#### Work to be completed
These records contain pictures, which must be left out; copy exactly the lines from the one with "Kandinsky Upward Abstract" up to and including the one with "Набор вышивки бисером".

#### Source material
+===+
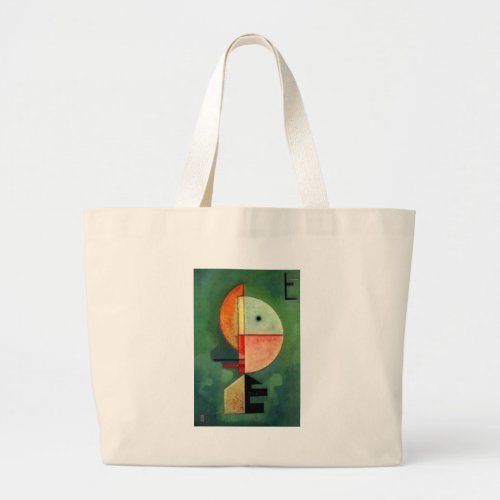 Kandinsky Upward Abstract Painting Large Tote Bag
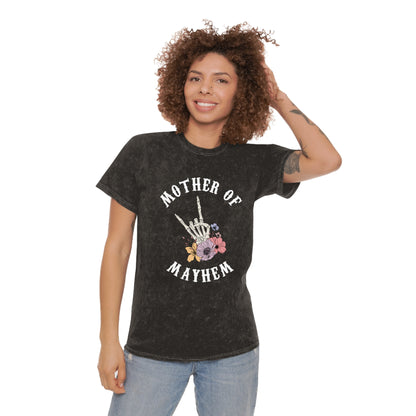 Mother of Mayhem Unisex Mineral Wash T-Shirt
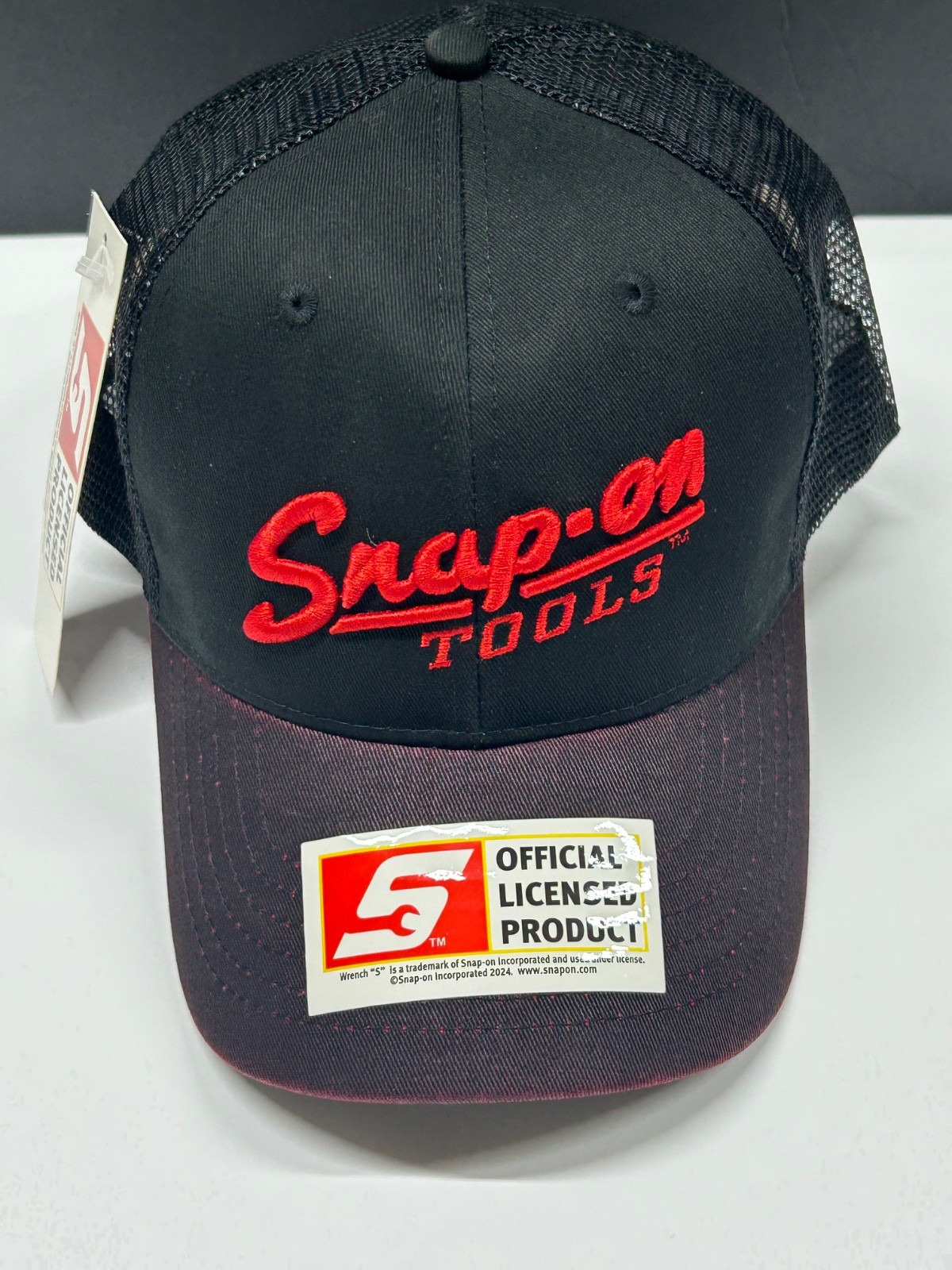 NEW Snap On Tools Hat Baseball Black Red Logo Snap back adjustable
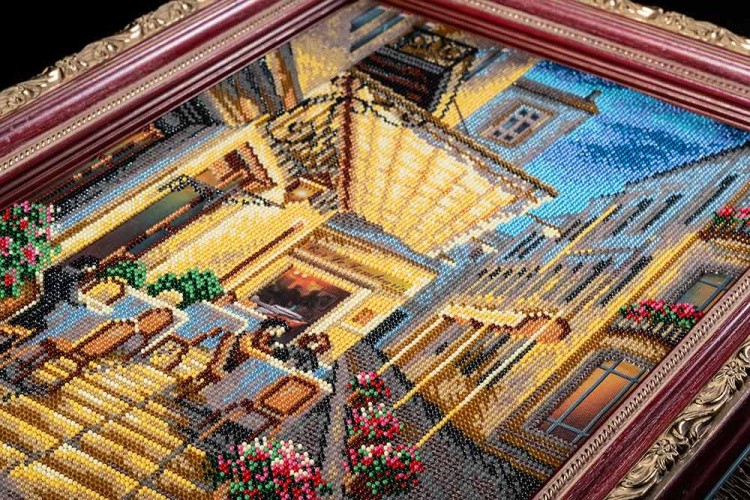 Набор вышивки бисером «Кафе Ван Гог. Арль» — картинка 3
+===+
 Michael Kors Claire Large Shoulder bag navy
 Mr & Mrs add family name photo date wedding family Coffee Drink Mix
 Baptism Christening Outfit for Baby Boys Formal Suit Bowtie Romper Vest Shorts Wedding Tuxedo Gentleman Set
+===+
#### Result of this exercise
 Kandinsky Upward Abstract Painting Large Tote Bag
 Mother of Mayhem Unisex Mineral Wash T-Shirt
 NEW Snap On Tools Hat Baseball Black Red Logo Snap back adjustable
 Набор вышивки бисером «Кафе Ван Гог. Арль» — картинка 3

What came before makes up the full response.